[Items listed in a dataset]
────────────────

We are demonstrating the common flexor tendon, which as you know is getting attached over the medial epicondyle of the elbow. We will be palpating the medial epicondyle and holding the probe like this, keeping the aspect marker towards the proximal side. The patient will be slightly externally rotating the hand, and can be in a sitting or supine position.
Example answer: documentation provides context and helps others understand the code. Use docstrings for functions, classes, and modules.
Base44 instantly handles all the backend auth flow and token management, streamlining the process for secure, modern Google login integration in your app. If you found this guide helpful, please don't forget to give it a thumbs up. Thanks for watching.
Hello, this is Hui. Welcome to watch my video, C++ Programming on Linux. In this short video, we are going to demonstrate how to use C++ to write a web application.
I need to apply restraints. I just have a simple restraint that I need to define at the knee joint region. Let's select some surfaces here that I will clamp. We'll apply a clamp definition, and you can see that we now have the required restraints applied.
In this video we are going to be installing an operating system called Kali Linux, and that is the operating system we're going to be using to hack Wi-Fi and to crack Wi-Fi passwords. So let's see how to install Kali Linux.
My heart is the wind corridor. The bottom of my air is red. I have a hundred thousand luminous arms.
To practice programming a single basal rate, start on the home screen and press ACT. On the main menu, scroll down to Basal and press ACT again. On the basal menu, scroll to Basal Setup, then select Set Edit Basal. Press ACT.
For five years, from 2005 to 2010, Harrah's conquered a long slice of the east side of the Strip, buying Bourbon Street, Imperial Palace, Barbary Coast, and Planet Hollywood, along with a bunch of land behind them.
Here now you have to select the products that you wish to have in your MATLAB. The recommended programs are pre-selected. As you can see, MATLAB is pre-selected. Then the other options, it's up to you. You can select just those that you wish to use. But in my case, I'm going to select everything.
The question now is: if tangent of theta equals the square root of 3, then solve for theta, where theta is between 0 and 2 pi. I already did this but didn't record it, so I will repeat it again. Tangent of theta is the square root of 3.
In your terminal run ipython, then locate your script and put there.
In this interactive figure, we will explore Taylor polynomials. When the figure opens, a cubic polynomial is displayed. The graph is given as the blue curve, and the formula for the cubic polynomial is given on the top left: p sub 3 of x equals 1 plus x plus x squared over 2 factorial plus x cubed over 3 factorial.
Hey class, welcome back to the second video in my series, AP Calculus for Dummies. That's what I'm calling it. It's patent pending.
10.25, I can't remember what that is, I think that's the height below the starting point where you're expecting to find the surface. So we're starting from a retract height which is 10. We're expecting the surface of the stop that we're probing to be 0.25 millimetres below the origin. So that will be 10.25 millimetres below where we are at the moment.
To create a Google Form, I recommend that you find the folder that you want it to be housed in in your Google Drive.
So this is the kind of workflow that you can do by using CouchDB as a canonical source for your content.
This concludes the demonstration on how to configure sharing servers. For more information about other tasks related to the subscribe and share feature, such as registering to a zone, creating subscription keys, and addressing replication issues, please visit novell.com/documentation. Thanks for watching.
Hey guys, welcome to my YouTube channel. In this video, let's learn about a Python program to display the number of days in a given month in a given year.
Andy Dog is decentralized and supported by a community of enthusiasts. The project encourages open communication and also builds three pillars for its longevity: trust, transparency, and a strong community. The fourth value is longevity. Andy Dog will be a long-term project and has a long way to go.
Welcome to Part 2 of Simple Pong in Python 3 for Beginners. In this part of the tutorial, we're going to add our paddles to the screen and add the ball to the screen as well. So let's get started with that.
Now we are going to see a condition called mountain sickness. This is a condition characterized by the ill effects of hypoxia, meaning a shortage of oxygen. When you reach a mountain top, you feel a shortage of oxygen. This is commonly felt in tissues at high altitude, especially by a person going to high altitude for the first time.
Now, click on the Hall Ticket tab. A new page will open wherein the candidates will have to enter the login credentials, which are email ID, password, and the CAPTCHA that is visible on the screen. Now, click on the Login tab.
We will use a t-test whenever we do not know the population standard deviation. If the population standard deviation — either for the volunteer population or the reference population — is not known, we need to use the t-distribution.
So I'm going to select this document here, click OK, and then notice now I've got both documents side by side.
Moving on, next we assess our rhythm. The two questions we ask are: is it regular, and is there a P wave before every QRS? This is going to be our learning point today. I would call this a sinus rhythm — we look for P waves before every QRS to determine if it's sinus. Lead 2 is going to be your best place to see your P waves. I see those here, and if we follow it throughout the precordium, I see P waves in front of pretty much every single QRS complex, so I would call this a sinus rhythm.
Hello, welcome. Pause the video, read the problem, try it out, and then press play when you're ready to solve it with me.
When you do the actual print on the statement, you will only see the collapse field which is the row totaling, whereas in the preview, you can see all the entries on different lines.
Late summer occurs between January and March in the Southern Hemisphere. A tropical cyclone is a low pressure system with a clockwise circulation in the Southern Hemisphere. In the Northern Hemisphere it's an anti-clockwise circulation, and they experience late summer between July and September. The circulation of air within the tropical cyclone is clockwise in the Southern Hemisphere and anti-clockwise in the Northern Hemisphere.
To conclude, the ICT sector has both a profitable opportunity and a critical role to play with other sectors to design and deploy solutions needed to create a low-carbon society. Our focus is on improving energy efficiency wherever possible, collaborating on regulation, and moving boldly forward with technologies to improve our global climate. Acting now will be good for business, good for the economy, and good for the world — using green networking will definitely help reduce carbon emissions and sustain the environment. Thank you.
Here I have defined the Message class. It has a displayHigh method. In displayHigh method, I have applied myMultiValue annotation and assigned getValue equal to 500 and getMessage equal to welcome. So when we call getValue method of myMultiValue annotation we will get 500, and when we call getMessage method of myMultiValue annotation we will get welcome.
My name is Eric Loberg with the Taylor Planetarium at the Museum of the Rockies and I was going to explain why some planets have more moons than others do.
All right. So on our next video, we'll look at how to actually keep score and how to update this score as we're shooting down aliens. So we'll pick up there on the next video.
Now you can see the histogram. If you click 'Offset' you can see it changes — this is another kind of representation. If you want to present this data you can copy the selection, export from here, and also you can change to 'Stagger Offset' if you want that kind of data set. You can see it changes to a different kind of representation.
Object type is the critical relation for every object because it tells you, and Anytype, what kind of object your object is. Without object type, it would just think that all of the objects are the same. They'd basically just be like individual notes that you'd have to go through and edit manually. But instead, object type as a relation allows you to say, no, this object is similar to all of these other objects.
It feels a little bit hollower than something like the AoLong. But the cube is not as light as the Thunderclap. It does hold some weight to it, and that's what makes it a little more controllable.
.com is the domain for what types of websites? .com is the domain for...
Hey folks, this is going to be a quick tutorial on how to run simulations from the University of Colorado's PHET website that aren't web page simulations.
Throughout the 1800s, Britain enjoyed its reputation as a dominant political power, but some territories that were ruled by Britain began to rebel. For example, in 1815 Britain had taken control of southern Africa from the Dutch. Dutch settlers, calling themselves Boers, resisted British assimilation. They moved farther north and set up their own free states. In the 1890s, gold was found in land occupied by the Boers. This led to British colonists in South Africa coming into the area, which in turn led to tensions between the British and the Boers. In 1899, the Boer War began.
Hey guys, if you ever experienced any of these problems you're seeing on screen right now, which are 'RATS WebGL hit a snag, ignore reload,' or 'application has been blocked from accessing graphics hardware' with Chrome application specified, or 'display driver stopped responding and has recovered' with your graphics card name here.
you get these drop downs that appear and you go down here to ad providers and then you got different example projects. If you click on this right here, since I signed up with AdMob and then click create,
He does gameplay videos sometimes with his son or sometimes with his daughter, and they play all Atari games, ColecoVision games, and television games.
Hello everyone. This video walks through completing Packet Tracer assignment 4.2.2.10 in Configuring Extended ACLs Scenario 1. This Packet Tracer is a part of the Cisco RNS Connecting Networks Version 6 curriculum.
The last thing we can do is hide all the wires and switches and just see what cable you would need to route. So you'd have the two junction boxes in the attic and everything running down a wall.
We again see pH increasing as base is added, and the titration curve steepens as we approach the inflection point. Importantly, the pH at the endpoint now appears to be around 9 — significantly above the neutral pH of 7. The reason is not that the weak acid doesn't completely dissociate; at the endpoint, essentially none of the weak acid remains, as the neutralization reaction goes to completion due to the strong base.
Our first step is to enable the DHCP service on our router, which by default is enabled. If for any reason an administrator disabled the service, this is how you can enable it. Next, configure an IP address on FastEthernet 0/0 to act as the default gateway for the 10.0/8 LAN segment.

────────────────

▶ THE TASK: Count of lines with "others": please work it out for the entries above and give the number by itself.

▶ OUTPUT: 2